Colleen's thoughts on writing, directing and coaching, and her unique take on life itself!

Monday, December 11, 2006

Boundaries - Part II

Yesterday's blog dealt with establishing boundaries with ordinary folks whom you want to teach how to treat you.

Part II is about the need to thwart people who are inappropriate, untrustworthy or outright abusive.

Hopefully in 2006, we are able to tell someone they are being inappropriate without apology, establishing a clear boundary.

Recently some of my actresses have told me about other actors or crew members who have hit on them at film sets - *even though* the women clearly established they are married, engaged, not available or not interested in seeking a relationship.

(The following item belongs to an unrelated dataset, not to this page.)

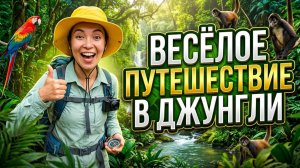 ВЕСЕЛОЕ ПУТЕШЕСТВИЕ В ДЖУНГЛИ/Музыкальный мультик с зажигательной песенкой, поднимет настроение всем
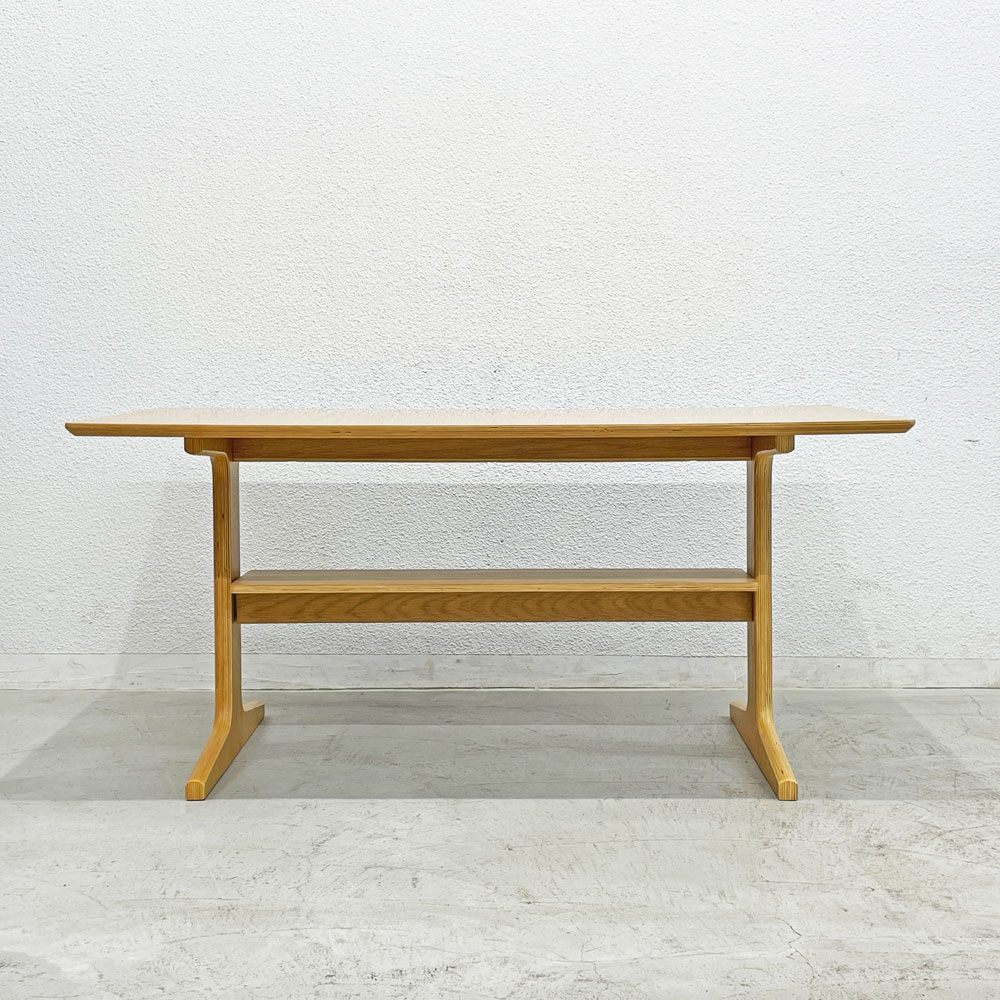 無印良品 MUJI リビングでもダイニングでもつかえる ダイニングテーブル オーク材 W130 x D65cm 〓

While the actresses tell me they have been polite about telling the inappropriate men they are not interested, and the men were not insistent (like this makes them OK after all), the women were actually incensed about being approached in the first place.

Since the set is a workplace, the situation is dicey - because you don't want someone upstaging you in every scene if he gets pissed for you telling him to ... um, get lost, as it were. But because it is a workplace, the director, producer or production manager should be able to help you if they are made aware that anyone is being inappropriate.

If I have the slightest notion inappropriateness may take place on my set when I direct, I make it clear *nothing* can interfere with the work. I find the director usually sets the tone for appropriate/inappropriate behavior on the set. It's never happened on any of my films.

Meanwhile, I'm not sure that absolute politeness is in order if a coworker you barely met sexualizes the workplace (that's the definition of sexual harrassment, btw).

So you just might have some retorts ready. Like:

Cut it out.
You know better.
Are you kidding?
Don't do this - you make yourself look desperate.
Don't tell me you're one of those guys who's always after unavailable women.
Oh, man. I lost a bet with my (husband/boyfriend/fiancee). I thought you were *gay.* (Walk away)
My boyfriend/girlfriend/husband/fiancee isn't into three-ways.
Hey, I know Chris Hansen and he's doing a new show on workplace predators for Dateline.

Seriously, I guess the only thing I can suggest is to be as prepared as you can and not be afraid to tell them to stop it. To cut it out.

The problem is - we've all been there - it always happens when we're totally vulnerable, when we're not expecting or even slightly suspecting that someone would be so inappropriate - which is usually part of their plan.

And heaven knows we wouldn't want anyone to think of us as or call us a *bitch* even though the other person is somehow permitted to be totally out of line and receive a polite rebuff.

Here's the bottom line: inappropriate, untrustworthy behavior can grow into something way ugly if it isn't stopped up front and in a way that means business.

Abusive behavior cannot be tolerated at all because it will undoubtedly grow.

Here's something Oprah Winfrey outlined in a recent program that I think everyone should heed:

First comes the whisper - your gut has a notion: something is wrong.

Ignore that inkling, and that inkling develops into a clear message: something is wrong.

Ignore the message? It expands into a recognizable problem.

Ignore the problem? A crisis is created.

Left unattended, the crisis progresses into a full blown disaster.

Want to avoid a personal disaster? Listen to your gut.

Then believe it and act on it - no matter what anyone says to deny or contradict it.